I just took a rare 20-30 minutes alone and sat on my upstairs terrace, sitting with nothing to eat or drink or read or write or distract me.  I just sat, breathing in the late summer night.  There used to be a big pine tree I loved that kept me hidden from view on the terrace.  I didn’t mind that my view was obstructed.  I usually went there looking for privacy, not to street or people watch.  Tonight the night hid me.  And I thought about plants.  Some of them I baby more than others.  The zinnias out front, the lettuce out back which has loved me back tenfold, and the tomatoes who have been showering me with their appreciation this past month.
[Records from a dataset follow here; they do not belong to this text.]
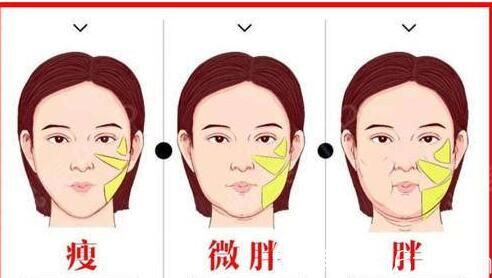 面部吸脂适合什么人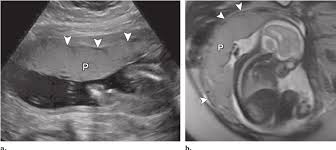 normal placenta a us image shows a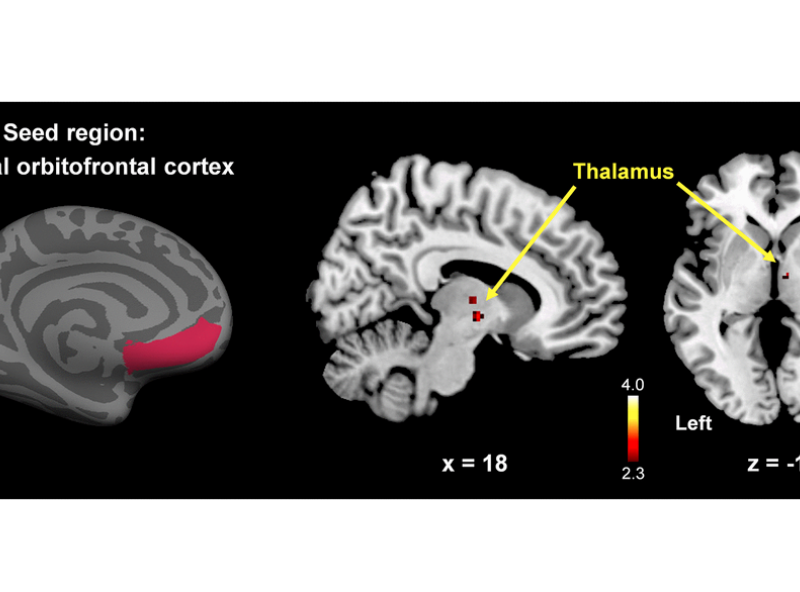 Figure 6. Between-group comparison map (premenopausal women vs. postmenopausal women) of the left mOFC functional connectivity.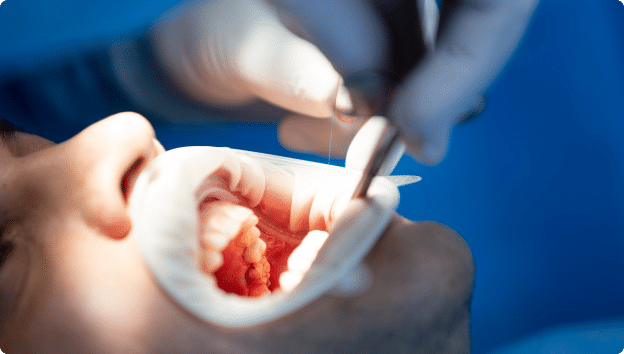 Dental Implants in Mississauga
And then there are the ones that just always seem to get pushed to the end of the list, which I often don’t reach.  I’m usually remembering these guys as I’m racing down the block to the F train, or after I’m snuggled in bed.  So tonight I spent a little time with them, observing but not really doing anything other than turning them around to give them a good sunward stretch.  Surprisingly, they all seem to be loving my neglect.  There’s a jalapeno plant in a large container that just gave me a couple bowlfuls of fruit.  There’s also a cayenne pepper plant that wintered inside and I set on the terrace just to give a final good-bye.  There’s a couple nice plump peppers waiting to be picked on the plant I formerly left for dead.  There’s also a habanero out there because I hadn’t yet decided where to reuse the soil.  It gave me a weird little – I’m guessing cross pollinated – bell/habanero-like thing earlier this summer.  I’m keeping it going just cuz it keeps me guessing .  Everyone out on the terrace is having a grand old time, whether I’m paying attention or not.  They’re felines.

My front yard, however, is full of canines.  At least that’s the way they’re behaving this year.  All they want is all of my attention all the time.  The hostas, who usually can withstand any near death experience or slow torture, spent half the summer telling me they couldn’t take the heat.  Their leaves went into shock (and back again eventually).  They’re sturdy, and they seemed to have weathered it okay in the end.  I did spend several weeks this summer in a spin of shame.  I mean, it’s bad when you can’t get a hosta to look good.  It was painful.  The roses, I am finding out, are definitely dogs.  It was a drama queen for the last few weeks, looking at me accusingly whenever the zinnias got a little extra attention.  So it got a nice long bath, replete with vegetable/flower spikes, some sweet nothings whispered to its stems, its leaves lovingly caressed till I must have got too intimate and it halted me with a thorn.  But lo and behold, whenever it gets this one on one time, as if out of nowhere the most beautiful sweetly scented buds appear.  Ah, she’s a revel gardener’s best friend (hope my dog isn’t reading this .. she’ll be pissed!).

As I feel autumn inch its way into the evening air, I know very soon I’m going to be missing my leafy friends.  Each one, of the feline or canine persuasion, has given back more than I dreamed in life lessons and, in many instances, literal sustenance this summer.  I can only hope I honor them sufficiently by taking their lessons to friends and progeny in the seasons ahead.